Data:
--*--
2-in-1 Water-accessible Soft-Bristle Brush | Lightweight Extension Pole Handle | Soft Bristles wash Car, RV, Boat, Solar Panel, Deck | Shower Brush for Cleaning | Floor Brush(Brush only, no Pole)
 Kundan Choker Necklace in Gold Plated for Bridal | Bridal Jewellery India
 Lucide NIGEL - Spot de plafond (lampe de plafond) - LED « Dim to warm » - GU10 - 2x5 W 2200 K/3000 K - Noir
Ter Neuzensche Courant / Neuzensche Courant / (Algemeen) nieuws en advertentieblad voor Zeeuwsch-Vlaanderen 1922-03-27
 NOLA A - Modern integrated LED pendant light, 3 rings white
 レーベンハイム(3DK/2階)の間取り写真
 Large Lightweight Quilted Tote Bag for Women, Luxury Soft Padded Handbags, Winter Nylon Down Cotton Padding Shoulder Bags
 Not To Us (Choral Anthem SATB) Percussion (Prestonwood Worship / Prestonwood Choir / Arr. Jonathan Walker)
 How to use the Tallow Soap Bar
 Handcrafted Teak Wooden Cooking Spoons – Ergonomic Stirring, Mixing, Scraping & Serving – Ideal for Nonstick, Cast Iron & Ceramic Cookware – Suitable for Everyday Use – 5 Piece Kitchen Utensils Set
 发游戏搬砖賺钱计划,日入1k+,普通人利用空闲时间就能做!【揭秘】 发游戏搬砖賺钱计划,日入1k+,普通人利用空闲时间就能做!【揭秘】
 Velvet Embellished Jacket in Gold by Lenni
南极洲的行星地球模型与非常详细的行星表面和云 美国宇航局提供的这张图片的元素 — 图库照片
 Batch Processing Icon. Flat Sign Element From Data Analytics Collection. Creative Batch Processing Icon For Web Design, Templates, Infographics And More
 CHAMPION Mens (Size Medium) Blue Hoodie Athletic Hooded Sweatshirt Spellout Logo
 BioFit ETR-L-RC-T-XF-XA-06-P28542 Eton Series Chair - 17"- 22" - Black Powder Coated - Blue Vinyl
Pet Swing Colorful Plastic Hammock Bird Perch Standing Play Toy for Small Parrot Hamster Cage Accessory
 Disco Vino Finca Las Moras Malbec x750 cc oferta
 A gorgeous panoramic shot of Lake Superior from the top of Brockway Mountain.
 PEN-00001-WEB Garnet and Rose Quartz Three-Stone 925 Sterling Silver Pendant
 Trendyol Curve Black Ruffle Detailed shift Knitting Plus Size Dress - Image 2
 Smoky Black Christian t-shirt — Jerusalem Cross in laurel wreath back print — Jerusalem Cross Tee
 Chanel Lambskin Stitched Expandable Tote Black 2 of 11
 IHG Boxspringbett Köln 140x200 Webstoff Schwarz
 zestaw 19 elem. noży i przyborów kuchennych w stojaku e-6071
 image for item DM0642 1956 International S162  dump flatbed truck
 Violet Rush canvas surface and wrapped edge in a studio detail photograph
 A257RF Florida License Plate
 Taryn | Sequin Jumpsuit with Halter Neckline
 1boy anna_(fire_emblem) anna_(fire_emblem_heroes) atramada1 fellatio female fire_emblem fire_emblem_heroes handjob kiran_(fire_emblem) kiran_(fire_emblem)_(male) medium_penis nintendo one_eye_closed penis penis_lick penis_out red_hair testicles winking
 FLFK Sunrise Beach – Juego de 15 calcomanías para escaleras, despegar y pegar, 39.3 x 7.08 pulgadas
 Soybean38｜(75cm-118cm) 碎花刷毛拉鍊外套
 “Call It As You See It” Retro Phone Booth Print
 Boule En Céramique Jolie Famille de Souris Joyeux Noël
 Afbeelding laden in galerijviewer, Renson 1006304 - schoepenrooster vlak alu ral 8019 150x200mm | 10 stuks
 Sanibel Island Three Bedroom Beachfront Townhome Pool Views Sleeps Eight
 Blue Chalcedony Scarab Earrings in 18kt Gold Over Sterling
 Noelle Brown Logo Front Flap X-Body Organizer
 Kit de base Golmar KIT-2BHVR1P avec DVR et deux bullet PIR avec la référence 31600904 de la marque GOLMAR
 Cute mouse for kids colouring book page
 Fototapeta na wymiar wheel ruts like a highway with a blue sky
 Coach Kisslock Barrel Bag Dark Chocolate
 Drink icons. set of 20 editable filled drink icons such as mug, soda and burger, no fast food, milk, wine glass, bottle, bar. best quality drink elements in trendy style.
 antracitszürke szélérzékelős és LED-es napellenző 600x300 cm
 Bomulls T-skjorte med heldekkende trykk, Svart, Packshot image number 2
--*--
Your task: Write out exactly the lines above from the line with "Afbeelding laden in" through the line with "Coach Kisslock Barrel Bag Dark Chocolate", both of them included, and leave out all other lines.

Solution below:
 Afbeelding laden in galerijviewer, Renson 1006304 - schoepenrooster vlak alu ral 8019 150x200mm | 10 stuks
 Sanibel Island Three Bedroom Beachfront Townhome Pool Views Sleeps Eight
 Blue Chalcedony Scarab Earrings in 18kt Gold Over Sterling
 Noelle Brown Logo Front Flap X-Body Organizer
 Kit de base Golmar KIT-2BHVR1P avec DVR et deux bullet PIR avec la référence 31600904 de la marque GOLMAR
 Cute mouse for kids colouring book page
 Fototapeta na wymiar wheel ruts like a highway with a blue sky
 Coach Kisslock Barrel Bag Dark Chocolate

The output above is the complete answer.